DATA FOR THIS EXERCISE —
==============================

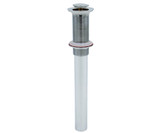 Mountain Plumbing EZ-CLICK™ Soft Touch Round Lavatory Drain - without Overflow - Gunmetal - MT742/GM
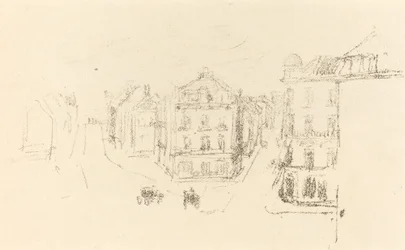Zkušební skica: Grand Rue, Dieppe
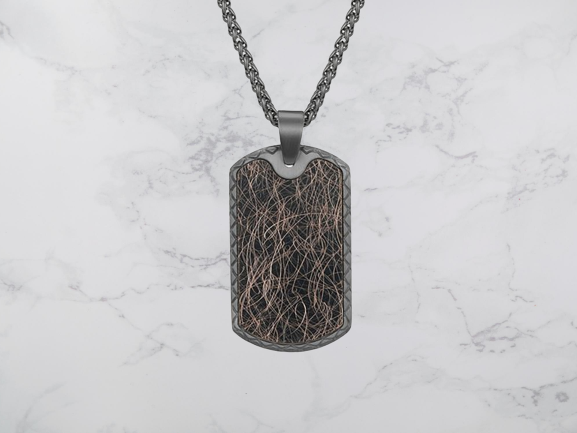 black dog tag chain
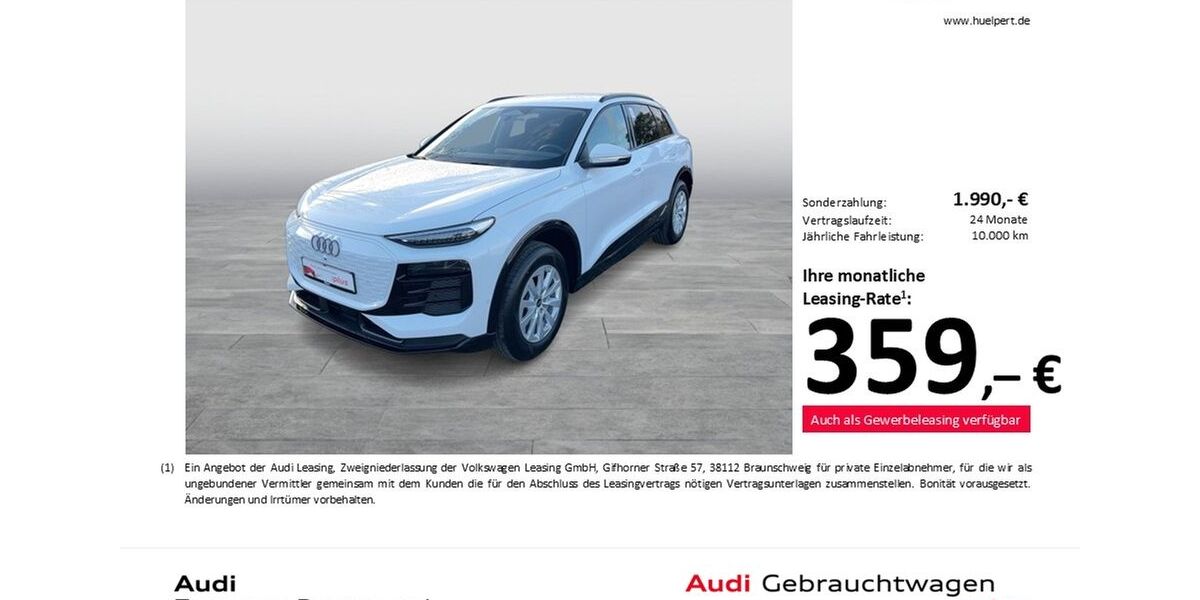 Audi Q6 e-tron 4.880 km 47.433 &euro; Dortmund 44143
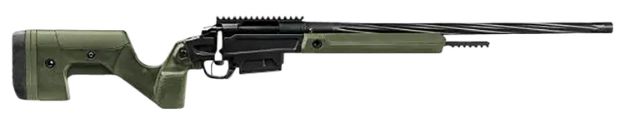 Picture of Stag Arms SABR02030001 Pursuit  6.5 PRC 3+1 22" Threaded/Fluted Sporter, Black Barrel/Rec, OD Green OEM Hybrid Hunter Stock, TriggerTech Trigger, 20 MOA Scope Mount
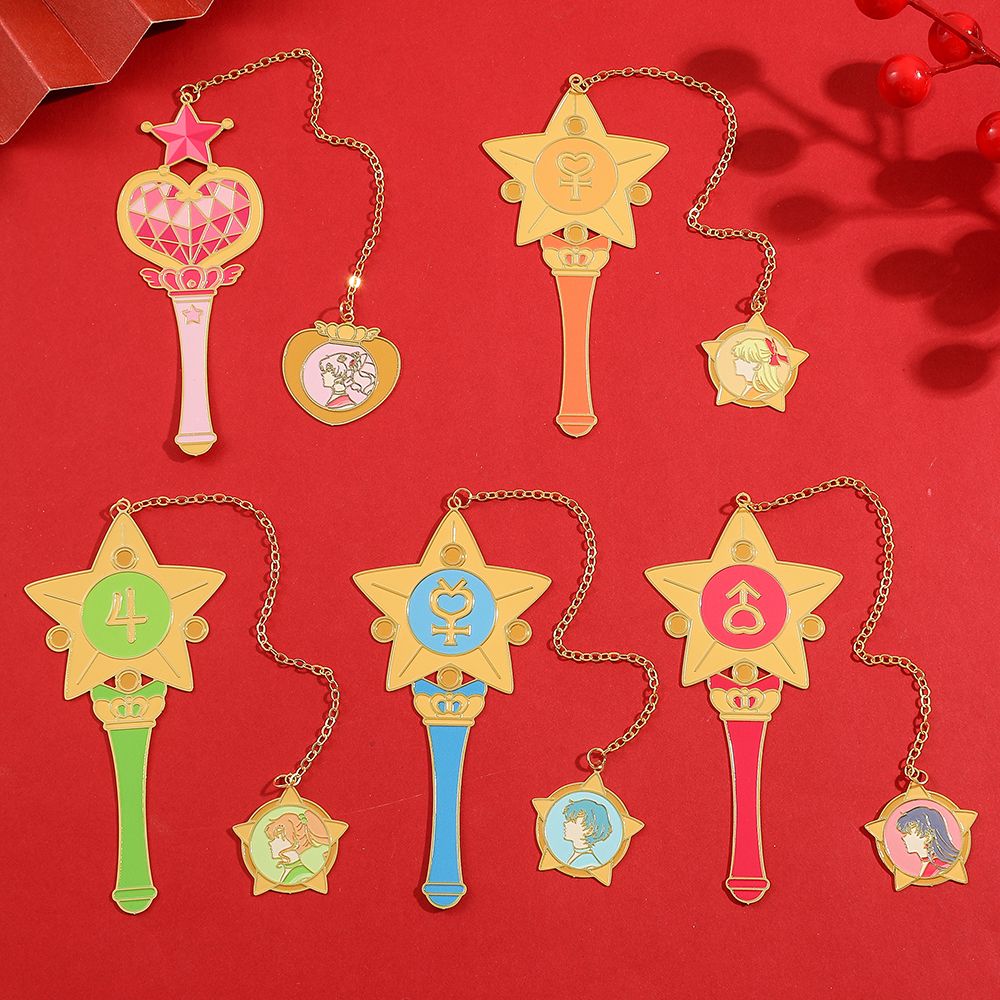 Sailor Moon Wand - Colección de Marcadores de Libros con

==============================

TASK REQUIREMENTS — Leave the pictures aside and transcribe only the lines from the one holding "black dog tag chain" through the final line of the records above.

REPLY TO THE EXERCISE —
 black dog tag chain
 Audi Q6 e-tron 4.880 km 47.433 &euro; Dortmund 44143
 Picture of Stag Arms SABR02030001 Pursuit  6.5 PRC 3+1 22" Threaded/Fluted Sporter, Black Barrel/Rec, OD Green OEM Hybrid Hunter Stock, TriggerTech Trigger, 20 MOA Scope Mount
 Sailor Moon Wand - Colección de Marcadores de Libros con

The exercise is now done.